(YOUR TASK):
Where does the word "Crystal" occur in the material? Copy each line that has it.

═══

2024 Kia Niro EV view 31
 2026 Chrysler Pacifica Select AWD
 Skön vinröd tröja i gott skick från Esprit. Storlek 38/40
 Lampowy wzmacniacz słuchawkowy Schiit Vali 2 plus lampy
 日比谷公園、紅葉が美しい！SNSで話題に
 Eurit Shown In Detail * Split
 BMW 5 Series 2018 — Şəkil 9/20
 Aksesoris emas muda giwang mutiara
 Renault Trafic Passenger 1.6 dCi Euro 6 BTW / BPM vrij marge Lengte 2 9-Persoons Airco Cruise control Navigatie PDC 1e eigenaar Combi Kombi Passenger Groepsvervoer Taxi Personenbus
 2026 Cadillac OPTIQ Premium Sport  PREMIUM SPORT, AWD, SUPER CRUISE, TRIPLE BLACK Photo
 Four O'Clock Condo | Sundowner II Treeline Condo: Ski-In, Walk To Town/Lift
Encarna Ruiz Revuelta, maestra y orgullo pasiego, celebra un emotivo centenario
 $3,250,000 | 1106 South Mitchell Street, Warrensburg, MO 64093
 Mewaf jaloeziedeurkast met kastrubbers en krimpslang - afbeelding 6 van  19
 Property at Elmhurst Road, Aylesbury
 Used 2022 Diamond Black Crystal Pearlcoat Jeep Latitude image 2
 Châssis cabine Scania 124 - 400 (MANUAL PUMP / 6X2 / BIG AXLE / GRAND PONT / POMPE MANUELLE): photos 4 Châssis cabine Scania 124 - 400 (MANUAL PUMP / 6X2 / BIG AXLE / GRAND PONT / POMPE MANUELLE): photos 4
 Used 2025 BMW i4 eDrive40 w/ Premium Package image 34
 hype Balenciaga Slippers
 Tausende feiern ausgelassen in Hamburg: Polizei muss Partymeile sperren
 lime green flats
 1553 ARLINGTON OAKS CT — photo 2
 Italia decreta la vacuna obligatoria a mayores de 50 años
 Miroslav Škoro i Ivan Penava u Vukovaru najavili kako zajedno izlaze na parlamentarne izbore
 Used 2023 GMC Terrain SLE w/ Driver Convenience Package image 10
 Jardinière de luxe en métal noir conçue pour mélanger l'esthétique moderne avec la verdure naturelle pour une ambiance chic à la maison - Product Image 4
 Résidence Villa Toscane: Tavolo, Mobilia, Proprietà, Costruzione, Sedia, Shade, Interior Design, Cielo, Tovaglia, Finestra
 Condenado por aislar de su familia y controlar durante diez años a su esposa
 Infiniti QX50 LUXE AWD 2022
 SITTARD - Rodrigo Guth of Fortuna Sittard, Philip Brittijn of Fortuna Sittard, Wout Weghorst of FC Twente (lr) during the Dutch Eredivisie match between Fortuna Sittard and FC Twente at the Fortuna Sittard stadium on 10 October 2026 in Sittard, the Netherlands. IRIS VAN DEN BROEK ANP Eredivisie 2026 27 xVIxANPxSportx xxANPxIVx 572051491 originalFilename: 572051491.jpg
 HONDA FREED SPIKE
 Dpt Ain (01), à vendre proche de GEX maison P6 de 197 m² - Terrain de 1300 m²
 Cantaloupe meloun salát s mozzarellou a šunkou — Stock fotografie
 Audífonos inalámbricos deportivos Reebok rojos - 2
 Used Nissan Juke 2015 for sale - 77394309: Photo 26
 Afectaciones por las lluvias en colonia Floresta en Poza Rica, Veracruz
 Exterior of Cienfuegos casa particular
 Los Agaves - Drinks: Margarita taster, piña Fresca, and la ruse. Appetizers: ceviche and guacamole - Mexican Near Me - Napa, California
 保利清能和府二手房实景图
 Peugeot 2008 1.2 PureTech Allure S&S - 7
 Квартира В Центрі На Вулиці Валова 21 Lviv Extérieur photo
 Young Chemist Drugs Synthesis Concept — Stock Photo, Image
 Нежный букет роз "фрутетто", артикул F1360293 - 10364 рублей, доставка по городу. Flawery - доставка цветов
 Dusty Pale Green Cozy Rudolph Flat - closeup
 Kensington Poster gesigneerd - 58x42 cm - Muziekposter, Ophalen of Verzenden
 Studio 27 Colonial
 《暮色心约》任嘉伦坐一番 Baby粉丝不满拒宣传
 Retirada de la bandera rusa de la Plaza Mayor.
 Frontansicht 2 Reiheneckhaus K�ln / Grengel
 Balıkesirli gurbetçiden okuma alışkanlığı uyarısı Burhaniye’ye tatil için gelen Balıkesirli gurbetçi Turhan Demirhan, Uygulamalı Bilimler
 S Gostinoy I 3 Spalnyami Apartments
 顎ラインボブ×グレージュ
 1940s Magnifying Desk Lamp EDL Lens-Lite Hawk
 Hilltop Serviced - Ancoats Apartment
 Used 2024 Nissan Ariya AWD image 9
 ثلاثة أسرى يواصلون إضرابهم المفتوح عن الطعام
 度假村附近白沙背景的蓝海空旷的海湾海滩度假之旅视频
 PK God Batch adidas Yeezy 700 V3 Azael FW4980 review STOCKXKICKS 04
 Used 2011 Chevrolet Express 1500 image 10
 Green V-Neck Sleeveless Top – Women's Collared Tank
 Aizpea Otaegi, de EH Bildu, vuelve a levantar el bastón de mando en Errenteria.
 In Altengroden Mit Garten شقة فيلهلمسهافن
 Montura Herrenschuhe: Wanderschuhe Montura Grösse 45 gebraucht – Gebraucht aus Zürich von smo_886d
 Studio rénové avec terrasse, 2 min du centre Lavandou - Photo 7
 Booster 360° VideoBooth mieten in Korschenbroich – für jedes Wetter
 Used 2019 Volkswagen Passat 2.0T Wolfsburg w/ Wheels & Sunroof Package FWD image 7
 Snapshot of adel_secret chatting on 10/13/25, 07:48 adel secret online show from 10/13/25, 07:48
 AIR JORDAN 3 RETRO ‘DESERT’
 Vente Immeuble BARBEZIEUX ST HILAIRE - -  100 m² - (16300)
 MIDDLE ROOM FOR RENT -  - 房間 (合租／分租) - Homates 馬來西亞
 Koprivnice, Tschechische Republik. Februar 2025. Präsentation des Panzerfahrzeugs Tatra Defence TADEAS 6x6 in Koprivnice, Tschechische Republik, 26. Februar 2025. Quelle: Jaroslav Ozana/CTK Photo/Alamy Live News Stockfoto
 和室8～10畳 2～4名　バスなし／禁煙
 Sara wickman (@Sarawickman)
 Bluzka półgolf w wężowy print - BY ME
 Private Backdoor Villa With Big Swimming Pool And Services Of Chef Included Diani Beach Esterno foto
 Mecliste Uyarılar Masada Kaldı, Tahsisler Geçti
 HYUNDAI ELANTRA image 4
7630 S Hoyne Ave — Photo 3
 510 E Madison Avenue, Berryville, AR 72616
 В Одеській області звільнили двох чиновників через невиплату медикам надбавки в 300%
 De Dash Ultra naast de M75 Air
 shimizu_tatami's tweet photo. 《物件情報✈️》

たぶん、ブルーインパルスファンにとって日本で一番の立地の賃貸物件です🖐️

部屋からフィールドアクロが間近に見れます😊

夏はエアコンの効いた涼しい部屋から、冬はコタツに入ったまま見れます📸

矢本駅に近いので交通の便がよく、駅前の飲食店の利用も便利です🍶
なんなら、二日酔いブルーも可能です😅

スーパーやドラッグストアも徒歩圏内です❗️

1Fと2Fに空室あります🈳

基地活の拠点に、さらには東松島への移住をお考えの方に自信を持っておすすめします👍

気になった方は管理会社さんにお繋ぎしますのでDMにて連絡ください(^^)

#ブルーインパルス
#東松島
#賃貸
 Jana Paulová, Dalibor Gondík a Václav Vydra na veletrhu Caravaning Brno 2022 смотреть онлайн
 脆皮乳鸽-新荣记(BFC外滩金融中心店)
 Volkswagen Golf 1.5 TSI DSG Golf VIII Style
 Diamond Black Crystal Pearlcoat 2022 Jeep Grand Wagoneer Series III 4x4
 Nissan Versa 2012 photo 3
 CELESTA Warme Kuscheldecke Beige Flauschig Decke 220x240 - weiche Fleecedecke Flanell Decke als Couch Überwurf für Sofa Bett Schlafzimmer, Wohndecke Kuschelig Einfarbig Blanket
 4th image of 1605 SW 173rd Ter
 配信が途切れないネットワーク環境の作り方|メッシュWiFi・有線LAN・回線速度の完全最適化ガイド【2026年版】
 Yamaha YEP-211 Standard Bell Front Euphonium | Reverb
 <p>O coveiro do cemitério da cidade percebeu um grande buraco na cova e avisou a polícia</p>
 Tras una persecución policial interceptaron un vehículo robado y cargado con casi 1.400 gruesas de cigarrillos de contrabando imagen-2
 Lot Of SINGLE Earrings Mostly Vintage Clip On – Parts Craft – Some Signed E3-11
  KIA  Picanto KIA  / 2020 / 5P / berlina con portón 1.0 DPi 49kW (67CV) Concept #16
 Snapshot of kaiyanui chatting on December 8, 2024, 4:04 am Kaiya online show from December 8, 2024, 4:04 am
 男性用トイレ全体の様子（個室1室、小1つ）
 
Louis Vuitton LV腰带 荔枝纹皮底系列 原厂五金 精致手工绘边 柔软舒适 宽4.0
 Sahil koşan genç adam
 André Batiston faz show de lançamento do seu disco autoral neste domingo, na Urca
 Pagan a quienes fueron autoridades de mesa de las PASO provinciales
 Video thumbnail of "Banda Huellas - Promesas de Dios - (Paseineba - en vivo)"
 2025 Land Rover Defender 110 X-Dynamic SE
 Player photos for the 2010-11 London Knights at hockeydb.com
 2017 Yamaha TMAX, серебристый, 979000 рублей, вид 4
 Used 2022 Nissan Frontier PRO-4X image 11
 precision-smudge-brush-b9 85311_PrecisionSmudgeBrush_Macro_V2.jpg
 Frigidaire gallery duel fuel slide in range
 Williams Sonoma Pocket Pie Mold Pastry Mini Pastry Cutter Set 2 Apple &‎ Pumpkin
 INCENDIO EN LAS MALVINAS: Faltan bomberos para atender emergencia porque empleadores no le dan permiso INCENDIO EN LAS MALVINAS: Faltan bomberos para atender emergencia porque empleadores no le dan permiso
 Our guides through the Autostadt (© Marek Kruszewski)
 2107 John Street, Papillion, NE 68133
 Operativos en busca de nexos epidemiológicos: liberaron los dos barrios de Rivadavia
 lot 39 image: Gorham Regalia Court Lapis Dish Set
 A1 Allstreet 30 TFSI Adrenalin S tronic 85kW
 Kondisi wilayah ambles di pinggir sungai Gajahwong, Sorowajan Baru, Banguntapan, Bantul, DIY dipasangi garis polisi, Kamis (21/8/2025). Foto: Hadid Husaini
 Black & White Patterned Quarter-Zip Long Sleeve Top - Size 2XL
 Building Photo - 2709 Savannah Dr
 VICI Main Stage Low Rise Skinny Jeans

═══

(EXERCISE RESPONSE):
 Used 2022 Diamond Black Crystal Pearlcoat Jeep Latitude image 2
 Diamond Black Crystal Pearlcoat 2022 Jeep Grand Wagoneer Series III 4x4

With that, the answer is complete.